His fingers should be rolled in a sheet metal rolling machine just for fun
His fingers should be rolled in a sheet metal rolling machine just for fun
Her should resign ASAP
No one forces the public to get 110% LTV mortgages.
Every time someone shifts the blame the errors will keep happening.
The next speaker will have the pleasure of controlling what would appear to next Tory government in waiting.
The Speaker has failed dismally and should resign, if he had any honour. His expenses are a disgrace. Travelling by liveried car to watch a football match is the thing I will remember most about this petty minded, cantakerous man who should never have been elected to this important position. He is deficient in both gravitas and politesse, not to mention integrity, all vital ingredients in a Speaker.
Michael Martin shares the combination of arrogance and condescension sadly all too prevalent among those with power and/or influence in modern Britain, of which the parliamentary expenses scandal is just another symptom.
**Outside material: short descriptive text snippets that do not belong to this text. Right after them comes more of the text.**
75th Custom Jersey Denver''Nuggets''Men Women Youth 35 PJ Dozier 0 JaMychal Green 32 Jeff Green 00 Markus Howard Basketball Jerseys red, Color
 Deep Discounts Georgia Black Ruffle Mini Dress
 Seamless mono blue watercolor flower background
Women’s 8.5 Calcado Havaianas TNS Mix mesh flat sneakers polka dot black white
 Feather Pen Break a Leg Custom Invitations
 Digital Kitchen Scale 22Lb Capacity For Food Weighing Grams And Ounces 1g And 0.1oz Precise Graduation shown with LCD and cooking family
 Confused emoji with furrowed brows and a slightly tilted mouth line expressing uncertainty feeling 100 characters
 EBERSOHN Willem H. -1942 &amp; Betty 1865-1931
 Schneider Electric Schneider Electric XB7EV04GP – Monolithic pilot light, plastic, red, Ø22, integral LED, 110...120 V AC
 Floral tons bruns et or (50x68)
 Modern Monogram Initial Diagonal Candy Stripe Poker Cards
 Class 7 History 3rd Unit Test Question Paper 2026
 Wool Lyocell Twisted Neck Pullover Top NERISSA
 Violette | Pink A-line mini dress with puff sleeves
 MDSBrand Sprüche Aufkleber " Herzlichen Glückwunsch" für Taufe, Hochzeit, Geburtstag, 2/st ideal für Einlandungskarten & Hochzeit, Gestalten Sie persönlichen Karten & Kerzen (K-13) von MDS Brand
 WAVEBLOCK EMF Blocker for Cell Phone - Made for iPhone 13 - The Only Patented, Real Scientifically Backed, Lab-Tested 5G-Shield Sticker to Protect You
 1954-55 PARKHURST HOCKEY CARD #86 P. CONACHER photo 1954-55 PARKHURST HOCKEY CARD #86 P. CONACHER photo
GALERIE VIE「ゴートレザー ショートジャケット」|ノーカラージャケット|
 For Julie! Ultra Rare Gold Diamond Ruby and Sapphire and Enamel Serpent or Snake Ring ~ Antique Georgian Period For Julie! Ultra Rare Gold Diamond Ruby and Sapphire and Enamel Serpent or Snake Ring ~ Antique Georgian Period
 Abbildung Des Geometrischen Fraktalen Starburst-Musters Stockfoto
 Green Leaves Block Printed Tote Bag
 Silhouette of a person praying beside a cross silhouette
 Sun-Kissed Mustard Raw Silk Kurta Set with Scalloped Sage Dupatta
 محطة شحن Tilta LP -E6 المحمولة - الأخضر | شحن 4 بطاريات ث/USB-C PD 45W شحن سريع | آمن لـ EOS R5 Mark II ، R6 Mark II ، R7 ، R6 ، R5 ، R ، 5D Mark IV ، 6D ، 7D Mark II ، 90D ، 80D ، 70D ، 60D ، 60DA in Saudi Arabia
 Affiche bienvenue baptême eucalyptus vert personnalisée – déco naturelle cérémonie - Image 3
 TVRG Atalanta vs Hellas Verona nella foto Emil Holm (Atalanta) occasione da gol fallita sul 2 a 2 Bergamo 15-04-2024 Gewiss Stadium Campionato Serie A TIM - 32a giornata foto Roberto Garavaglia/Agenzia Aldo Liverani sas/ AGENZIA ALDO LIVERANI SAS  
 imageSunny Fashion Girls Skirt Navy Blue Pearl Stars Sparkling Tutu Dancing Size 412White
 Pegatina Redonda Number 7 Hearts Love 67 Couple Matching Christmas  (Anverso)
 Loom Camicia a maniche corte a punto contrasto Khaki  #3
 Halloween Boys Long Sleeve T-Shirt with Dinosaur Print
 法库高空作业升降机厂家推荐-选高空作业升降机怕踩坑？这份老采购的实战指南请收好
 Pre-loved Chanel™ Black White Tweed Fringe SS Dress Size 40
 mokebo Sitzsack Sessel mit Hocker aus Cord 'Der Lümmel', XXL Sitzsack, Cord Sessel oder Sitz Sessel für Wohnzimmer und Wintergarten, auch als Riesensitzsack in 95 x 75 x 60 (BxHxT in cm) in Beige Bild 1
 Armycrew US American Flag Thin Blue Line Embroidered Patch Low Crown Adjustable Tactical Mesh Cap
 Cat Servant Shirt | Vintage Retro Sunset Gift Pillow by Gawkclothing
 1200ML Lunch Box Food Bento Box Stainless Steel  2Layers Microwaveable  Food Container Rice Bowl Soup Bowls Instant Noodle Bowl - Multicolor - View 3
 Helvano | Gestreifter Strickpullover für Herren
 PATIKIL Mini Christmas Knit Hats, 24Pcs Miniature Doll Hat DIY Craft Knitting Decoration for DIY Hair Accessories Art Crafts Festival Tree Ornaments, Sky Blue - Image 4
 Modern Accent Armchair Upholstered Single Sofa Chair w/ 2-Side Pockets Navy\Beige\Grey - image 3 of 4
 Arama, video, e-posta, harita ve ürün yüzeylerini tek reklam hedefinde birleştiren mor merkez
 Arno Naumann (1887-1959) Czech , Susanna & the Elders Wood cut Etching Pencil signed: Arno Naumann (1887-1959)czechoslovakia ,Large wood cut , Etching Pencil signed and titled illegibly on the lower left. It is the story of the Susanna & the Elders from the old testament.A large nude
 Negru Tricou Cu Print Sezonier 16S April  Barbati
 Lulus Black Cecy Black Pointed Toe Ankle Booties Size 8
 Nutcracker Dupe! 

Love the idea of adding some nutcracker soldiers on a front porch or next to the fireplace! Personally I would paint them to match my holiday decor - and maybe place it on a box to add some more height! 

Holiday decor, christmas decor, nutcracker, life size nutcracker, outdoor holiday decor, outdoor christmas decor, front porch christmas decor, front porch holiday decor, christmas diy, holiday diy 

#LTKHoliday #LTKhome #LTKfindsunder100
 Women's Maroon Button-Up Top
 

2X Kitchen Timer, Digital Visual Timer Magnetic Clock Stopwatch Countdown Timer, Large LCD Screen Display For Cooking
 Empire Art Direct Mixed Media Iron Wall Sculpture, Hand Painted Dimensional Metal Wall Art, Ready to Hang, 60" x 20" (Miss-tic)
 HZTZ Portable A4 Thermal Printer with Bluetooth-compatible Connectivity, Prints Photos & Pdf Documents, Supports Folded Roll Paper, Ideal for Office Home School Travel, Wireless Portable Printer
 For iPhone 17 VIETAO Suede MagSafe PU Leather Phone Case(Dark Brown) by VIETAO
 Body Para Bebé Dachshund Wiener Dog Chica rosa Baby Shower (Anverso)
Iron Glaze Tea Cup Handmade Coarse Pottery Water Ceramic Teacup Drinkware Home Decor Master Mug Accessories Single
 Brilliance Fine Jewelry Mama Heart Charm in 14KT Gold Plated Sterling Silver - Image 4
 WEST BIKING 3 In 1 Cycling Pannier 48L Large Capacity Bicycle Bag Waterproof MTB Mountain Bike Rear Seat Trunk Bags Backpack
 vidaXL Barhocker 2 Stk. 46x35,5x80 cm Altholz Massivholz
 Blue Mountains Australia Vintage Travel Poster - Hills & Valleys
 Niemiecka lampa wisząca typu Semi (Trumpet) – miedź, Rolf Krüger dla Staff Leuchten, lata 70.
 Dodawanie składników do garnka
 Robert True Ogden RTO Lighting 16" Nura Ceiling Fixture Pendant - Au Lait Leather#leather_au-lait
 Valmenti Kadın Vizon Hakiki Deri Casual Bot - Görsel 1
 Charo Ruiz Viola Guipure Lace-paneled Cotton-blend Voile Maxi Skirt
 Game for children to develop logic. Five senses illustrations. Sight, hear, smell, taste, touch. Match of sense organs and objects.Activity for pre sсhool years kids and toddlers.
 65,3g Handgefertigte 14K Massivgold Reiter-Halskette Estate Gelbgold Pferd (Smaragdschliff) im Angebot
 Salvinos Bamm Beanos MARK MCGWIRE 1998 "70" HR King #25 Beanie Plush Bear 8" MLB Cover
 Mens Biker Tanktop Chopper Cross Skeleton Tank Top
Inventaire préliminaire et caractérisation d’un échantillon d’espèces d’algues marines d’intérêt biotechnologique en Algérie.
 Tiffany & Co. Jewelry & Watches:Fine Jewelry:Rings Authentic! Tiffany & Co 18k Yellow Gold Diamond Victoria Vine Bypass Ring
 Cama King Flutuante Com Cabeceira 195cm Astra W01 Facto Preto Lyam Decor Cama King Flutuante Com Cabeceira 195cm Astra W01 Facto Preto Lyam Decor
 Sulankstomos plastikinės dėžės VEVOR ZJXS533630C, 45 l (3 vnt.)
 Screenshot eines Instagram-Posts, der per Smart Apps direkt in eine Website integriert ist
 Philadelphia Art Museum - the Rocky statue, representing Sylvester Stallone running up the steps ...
In the Commons, MPs like Kate Hoey, Norman Baker and John Mann are the ones, not just with a finger on the pulse of public opinion, but, more significantly, who simply know what the public feels entitled to expect from those who hold elected office. Michael Martin isn't the first working class Labour MP to be intoxicated by the subtle fragrance of power and status to the point when privilege and vainglory start to obscure all else. I thought George Thomas was another, not least when he too became Speaker, though he was never tested to the extent that Speaker Martin has been.
I'd like to think that a change of Speaker would help resolve the overall problem, and it'd be a start. But I think we need something more drastic than that to tackle the sickness of our political system and the voter disillusion that flows from it. Breaking the Tory - Labour duopoly and backing the Lib Dems with their agenda of electoral reform might achieve it, but will the electorate do it? I suspect the likely outcome of all this parliamentary fracas will be even greater support for the "Don't Vote - It Only Encourages Them" party, while the two big parties continue to trumpet "decisive mandates" on an ever declining turn-out.
How about turning Westminster into a museum, establishing a new legislature in somewhere nice and central like Derby, with an "in the round" chamber, without the absurd and infantile Oxbridge college debating society ethos of the Commons? I don't think I've ever felt so pessimistic about the working of our system - and I can remember every government since Eden's!